BEGIN ENTRIES SHOWN

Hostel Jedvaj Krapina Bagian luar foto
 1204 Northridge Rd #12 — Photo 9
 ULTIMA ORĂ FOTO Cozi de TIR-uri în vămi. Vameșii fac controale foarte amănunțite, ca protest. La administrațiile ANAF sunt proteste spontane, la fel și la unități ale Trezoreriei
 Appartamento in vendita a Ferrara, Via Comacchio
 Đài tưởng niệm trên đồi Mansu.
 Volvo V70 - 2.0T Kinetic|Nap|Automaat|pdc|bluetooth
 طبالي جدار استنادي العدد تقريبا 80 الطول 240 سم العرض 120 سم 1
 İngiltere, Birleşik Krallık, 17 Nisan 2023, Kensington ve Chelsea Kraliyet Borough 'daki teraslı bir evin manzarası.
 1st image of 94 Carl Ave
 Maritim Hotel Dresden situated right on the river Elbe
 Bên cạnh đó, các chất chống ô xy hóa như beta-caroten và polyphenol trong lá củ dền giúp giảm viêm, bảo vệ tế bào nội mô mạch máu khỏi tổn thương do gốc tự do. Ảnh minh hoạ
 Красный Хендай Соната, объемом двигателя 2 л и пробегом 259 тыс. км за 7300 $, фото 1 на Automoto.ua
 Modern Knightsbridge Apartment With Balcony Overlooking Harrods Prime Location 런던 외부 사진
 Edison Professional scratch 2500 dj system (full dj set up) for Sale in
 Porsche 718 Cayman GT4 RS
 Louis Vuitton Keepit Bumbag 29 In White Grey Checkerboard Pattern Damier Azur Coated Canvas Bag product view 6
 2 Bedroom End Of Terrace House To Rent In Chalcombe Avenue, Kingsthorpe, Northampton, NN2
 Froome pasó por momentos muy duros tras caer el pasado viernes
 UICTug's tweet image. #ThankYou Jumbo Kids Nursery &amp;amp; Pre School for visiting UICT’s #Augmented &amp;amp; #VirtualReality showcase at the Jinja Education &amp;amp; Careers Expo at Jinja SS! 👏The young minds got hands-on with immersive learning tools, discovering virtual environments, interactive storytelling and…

END ENTRIES SHOWN

→ **WHAT THE TASK REQUIRES**: Check each line of the entries for "image" and copy those that have it.

→ **PROBLEM SOLUTION**:
 1st image of 94 Carl Ave
 UICTug's tweet image. #ThankYou Jumbo Kids Nursery &amp;amp; Pre School for visiting UICT’s #Augmented &amp;amp; #VirtualReality showcase at the Jinja Education &amp;amp; Careers Expo at Jinja SS! 👏The young minds got hands-on with immersive learning tools, discovering virtual environments, interactive storytelling and…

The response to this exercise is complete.